Bu dehşet verici sayıların daha bile fazla olması mümkün, ulaşılamayan, istatistiklere girmeyen yerler düşünülürse. Ülkemizde yıllardır süregelen ve adı resmen ‘savaş’ olmayan iç savaşta pisipisine neler harcanmıştır kim bilir... Ne çocuklar ziyan olmuş, ne ocaklar sönmüştür. Patlamamış mayınlara basıp sakat kalan çocukları saymıyorum bile. Nusaybin’de adı ‘bacaksızlar köyü’ olan bir köy gördüm.
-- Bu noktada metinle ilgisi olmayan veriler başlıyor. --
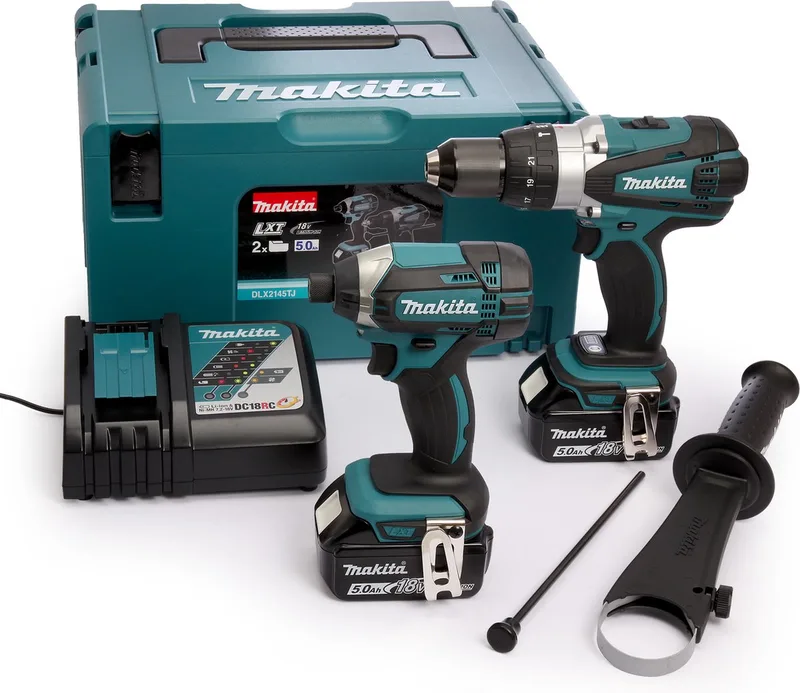 DLX2145TJ 18V Li-Ion Combiset - Accuboormachine met Klopfuntie (DHP458) - Slagschroevendraaier (DTD152) - 2x 5.0Ah accu's de Makita – image du produit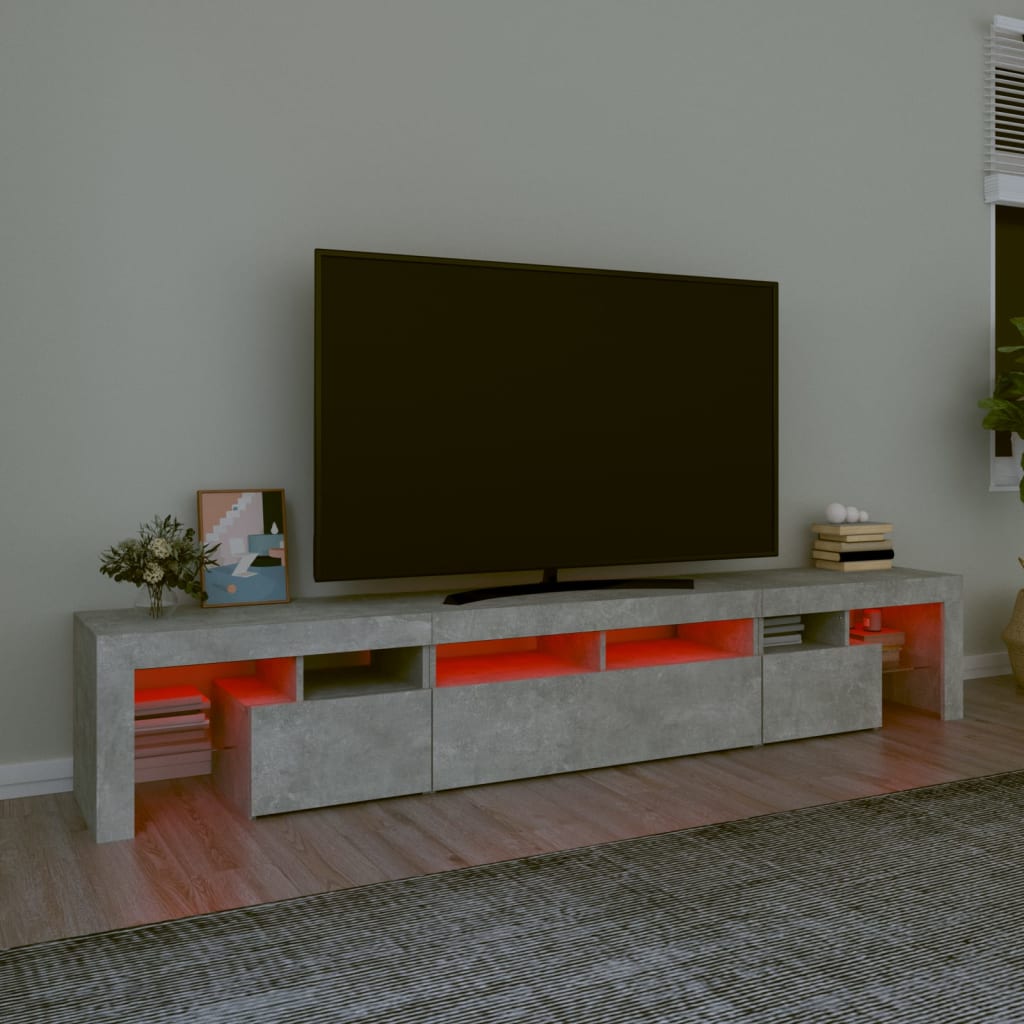 Meuble TV avec lumières LED Gris béton 230x36,5x40 cm - XIOS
Her ailede bir-iki kopuk bacak vardı.
 
Şimdilerde yeni yeni, umut yeşerten barış ifadeleri kullanılmaya başladı. Seçilmiş, kimi ‘akil’ insanlar diyar diyar dolaşıp barış sözcülüğü yapıyorlar. Onlara da keşke başka bir şey denseydi – ne bileyim, ‘elçi’ gibi bir şey belki. İnsanı zorla komplekse sokuyorlar; ülkede bu kadar akil var, gerisi alık mı yani? Neyse, biliyoruz ki niyet iyi tabii de, sonuç meçhul. Geleceğin neler getireceği hâlâ pek bilinmiyor bence, canı çok yanmış insanlarla diyalog kurmak kolay olmuyor sanırım. Yani işleri oldukça zor.
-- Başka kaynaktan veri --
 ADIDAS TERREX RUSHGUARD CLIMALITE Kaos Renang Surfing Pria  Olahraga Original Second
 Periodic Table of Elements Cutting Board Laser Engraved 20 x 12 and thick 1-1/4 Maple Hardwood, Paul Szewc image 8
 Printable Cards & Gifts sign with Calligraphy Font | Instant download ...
Barışı kim istemez? Ama önce bugüne kadar barışı engelleyen şeylerle yüzleşilmeli; geçmiş bir hareketle silinip görmezden gelinmeye çalışılmamalı. Tarih önemli bir hazinedir, yok sayılamaz. Olan olmuş, geçen geçmiş, artık geleceğe bakmalıyız demekle olmaz. Ki zaten, Murathan Mungan’ın şiirindeki gibi: Acı veriyorsa geçmiş; geçmemiş demektir. Veriyor. Ve unutmak her zaman ilaç değil.
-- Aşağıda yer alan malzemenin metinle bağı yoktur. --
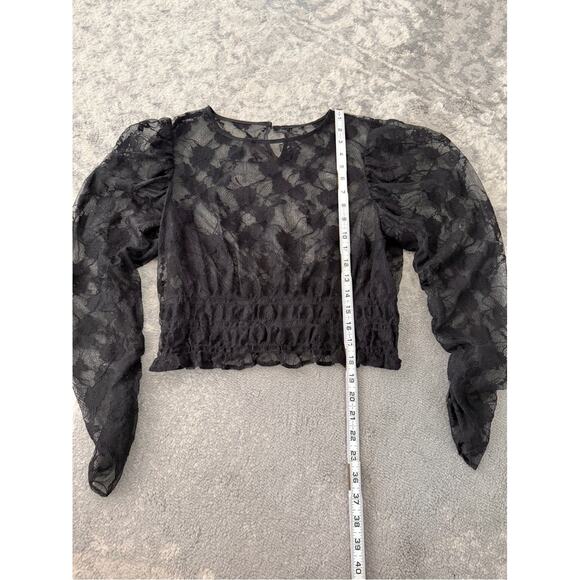 Y2K Dark Romantic Sheer Lace Top Whimsigoth Gothic Fairy Mesh Stretchy Size M - Picture 6 of 7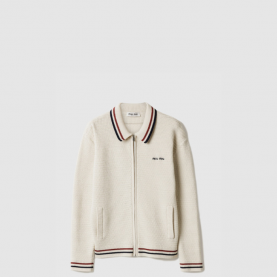 [MIUMIU-미우미우] 코튼 니트 지퍼 가디건 MMF969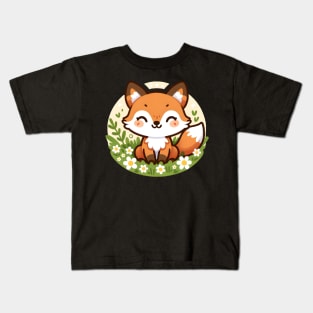 Cheerful Fox in Daisy Field - Whimsical Wildlife Art Kids T-Shirt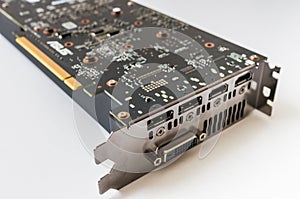 Modern computer PCI videocard on white background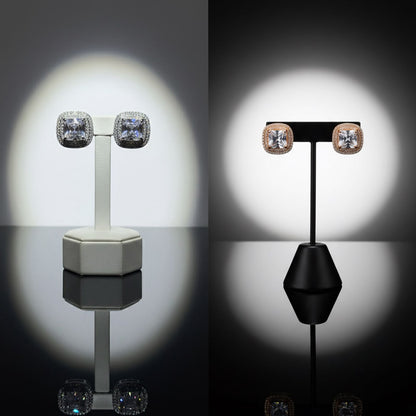 Elegant Square-Cut Gemstone Stud Earrings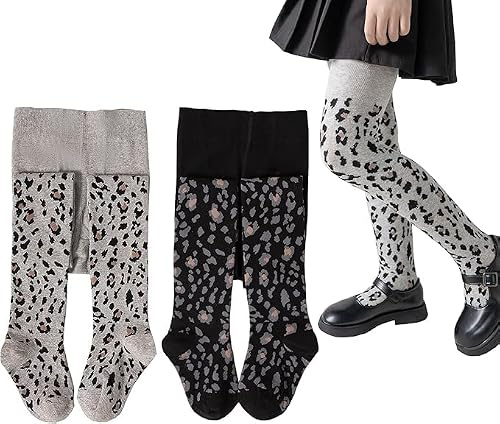 Silkglory Collants Filles - Leggings Adorables à Motif Léopard, Tricot Sans Coutures en Mélange Coton pour Confort et Élasticité, Parfaits pour Toutes les Tenues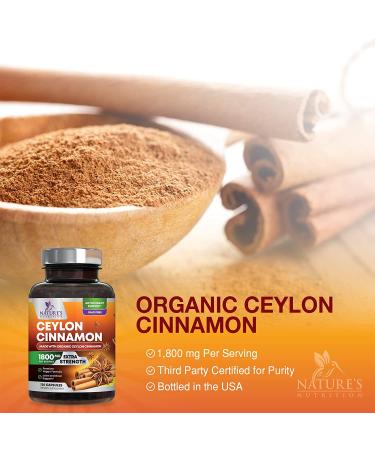 Certified Organic Ceylon Cinnamon Capsules 1800mg - Vegan Cinnamomum Verum Vitamins - 120 Capsules - Buy Online on GoSupps.com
“Çok sık bakıyorsun geçmişe” dediler bir gün bana. Çok sık değil ama evet, bakıyorum. Denenmişi yeniden denememek için. Bunu geçelim. Aslında hepimiz bakıyor ama ayırdına varmıyormuşuz; hem soyut, hem somut anlamda... Herkesin ‘soyut’u kendine göre ama somut olanı şöyle: Gözümüzün gördüğü her şey aslında geçmiş sayılırmış. Çünkü görmeyi sağlayan ışık gözümüze gelene kadar, belli bir süre geçiyormuş. Yani aynada kendimize baktığımızda bile, birkaç saniyelik geçmişimizi görüyormuşuz. İlginç, değil mi?
 
Galiba pek karıştı bu yazı. Hadi, madem öyle başladım yine savaşa bağlayarak bitireyim. Ama biraz hafifleteyim. Biliyor musunuz, ‘gelir vergisi’ kavramını, Fransa’yla yaptığı Yüz Yıl savaşlarını finanse edebilmek için İngilizler icat etmişmiş. Buna ne dersiniz?